For SELinux I can add context=system_u:object_r:tmp_t:s0 to the fusermount options to set the type of the FUSE filesystem to tmp_t, which is usually what temporary files are for.
That makes it work on Fedora anyways.
Any sane policy allows this by default.
I haven’t tried an AppArmor system for this, so it is possible I will have to mount the FUSE filesystem at /lib/cordon/fuse or similar.
Sleepable Hooks#
There is a list of eBPF program hooks, and whether they are sleepable or not in the documentation. LSM hooks are useful, because we can easily analyze and deny, but not all LSM hooks are sleepable. The list of sleepable LSM hooks is here.

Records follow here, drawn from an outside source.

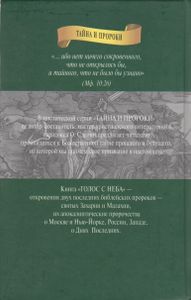 Голос С Неба. Святые Пророки Захария И Малахия: Пророчества О Наших Днях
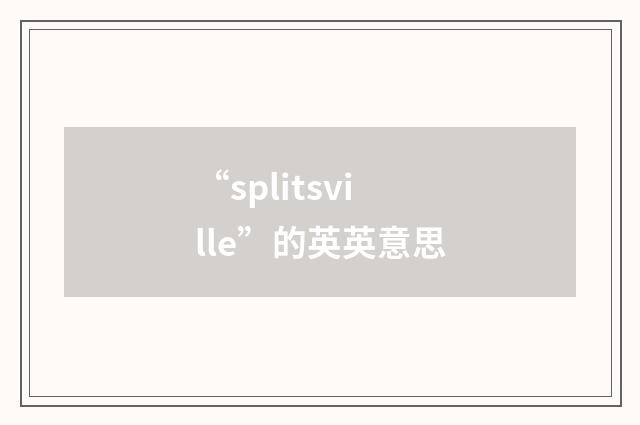 “splitsville”的英英意思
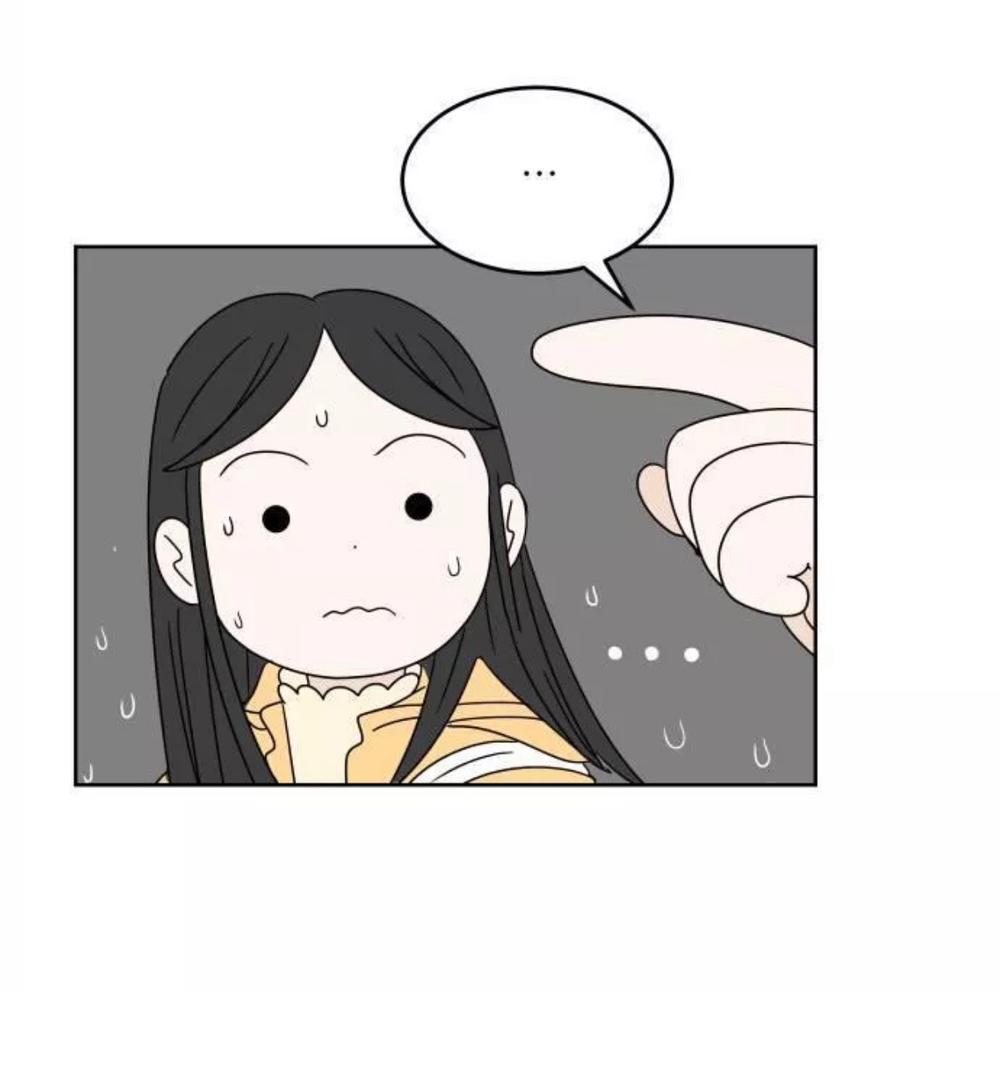 30 Phút Bước Đi Bên Em: Chapter 2.2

While most are sleepable, there are some notable exceptions.
For example you can’t check when a process calls setuid, which you might reasonably want to know about.
For this one, there is a workaround though.

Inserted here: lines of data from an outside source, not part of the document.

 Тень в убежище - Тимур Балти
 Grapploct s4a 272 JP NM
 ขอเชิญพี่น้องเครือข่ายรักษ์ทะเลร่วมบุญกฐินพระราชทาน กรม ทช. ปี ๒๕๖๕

We can place a regular unsleepable “regular” hook on fentry/__x64_sys_setuid which is the function entry of the setuid syscall.
Internally, the setuid syscall triggers security_cred_prepare which is sleepable, and hookable in eBPF with lsm.s/cred_prepare.
Then we can correlate the process ID and thread ID between these calls to associate a particular invocation of the setuid syscall with somewhere where we can sleep.
Another example is that security_task_kill is a non sleepable LSM hook.
This means that we can’t wait for user approval if one process tries to send a signal to another process (potentially killing it).
I have not found a similar workaround, but admittedly I have not looked much into it.
I do not particularly like hooking syscalls directly, because then it makes it more architecture dependent. But, if it is for only a few edge cases like this then the maintenance burden shouldn’t be too high.
Also, the astute reader may have noticed that fentry has a sleepable variant too, fentry.s.
In fact, there are even kselftests hooking syscalls with fentry.s eBPF.
So why don’t we just use that?
Well, it turns out to require a kernel debug feature, set by CONFIG_FUNCTION_ERROR_INJECTION=y.
I’ll let the commit disabling it by default do the talking:
error-injection: Add prompt for function error injection
The config to be able to inject error codes into any function annotated with
ALLOW_ERROR_INJECTION()is enabled whenFUNCTION_ERROR_INJECTIONis enabled. But unfortunately, this is always enabled on x86 whenKPROBESis enabled, and there’s no way to turn it off.As kprobes is useful for observability of the kernel, it is useful to have it enabled in production environments. But error injection should be avoided. Add a prompt to the config to allow it to be disabled even when kprobes is enabled, and get rid of the “def_bool y”.
This is a kernel debug feature (it’s in Kconfig.debug), and should have never been something enabled by default.
The kselftests enable this kconfig option to pass those tests.
There are fentry.s fexit.s and fmot_ret.s, but I personally have never gotten any of them to work on my system.
Though maybe this is a skill issue.
If you know of any functions which can be hooked by any of these, please let me know.
I may develop a tool in the future which hooks all syscalls and sleepable LSM hooks, to make finding sleepable insertion points easier.
Use Cases#
Besides waiting for user input in an eBPF program which is my goal, there are a couple other use cases for this technique.
For example more sophisticated EDRs for Linux could be developed where the eBPF LSM can run a database or network lookup or an ML trigger.